UNOBench tutorial

Data, starter kit, and baseline reproduction

This page is a compact guide for getting started with UNOBench. It explains which repository to use for each task and links to the detailed documentation maintained in the method, challenge, and dataset repositories.

Dataset

UNOBench on Hugging Face

Download RGB images, Set-of-Mark images, annotations, challenge queries, and metadata.

Open dataset README
Starter kit

UNOBench Challenge example

Use the minimal runnable examples to verify query files, prediction format, and local evaluators.

Open challenge README
Baseline

UnoGrasp reproduction code

Run UnoGrasp inference and evaluation on the released synthetic small split with public checkpoints.

Open method README

Which repo should I use?

Goal Use this repo Go to details
Download or inspect UNOBench files and metadata.
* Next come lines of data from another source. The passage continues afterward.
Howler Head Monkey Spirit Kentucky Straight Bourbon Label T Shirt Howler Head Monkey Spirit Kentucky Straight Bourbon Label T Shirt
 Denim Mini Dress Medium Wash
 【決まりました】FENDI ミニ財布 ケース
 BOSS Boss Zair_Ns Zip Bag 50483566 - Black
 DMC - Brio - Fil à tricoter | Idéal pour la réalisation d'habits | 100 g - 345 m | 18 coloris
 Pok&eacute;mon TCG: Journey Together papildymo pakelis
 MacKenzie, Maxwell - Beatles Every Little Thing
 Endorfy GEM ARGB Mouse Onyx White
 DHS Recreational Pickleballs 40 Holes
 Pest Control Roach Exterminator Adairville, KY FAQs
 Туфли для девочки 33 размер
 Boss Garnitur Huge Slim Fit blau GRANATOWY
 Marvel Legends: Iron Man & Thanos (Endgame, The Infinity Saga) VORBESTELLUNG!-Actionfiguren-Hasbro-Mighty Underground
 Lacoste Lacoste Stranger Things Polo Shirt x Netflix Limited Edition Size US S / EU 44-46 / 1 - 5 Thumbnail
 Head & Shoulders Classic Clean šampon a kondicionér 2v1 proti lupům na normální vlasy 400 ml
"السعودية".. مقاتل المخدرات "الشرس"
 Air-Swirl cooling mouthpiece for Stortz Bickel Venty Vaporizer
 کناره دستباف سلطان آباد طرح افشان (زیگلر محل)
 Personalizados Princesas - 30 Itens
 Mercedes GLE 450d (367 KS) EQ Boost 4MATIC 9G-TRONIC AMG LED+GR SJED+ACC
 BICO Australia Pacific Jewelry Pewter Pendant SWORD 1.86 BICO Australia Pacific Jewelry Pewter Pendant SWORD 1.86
Hugging Face dataset repo Dataset structure
Check challenge input and output format before submitting. Challenge starter kit Challenge quick start
Reproduce UnoGrasp inference and evaluation. UnoGrasp method repo Method quick start

Recommended workflow

1Download the dataset

Start from the Hugging Face dataset repo. It contains the full file list, download commands, archive extraction instructions, and metadata descriptions.

hf download FBK-TeV/UNOBench \
  --repo-type dataset \
  --local-dir ./UNOBench/UNOBenchSyn
See full download instructions

2Choose an evaluation setting

UNOBench supports a Set-of-Mark setting and a natural-language setting. Use the challenge starter kit to understand the exact query and prediction formats.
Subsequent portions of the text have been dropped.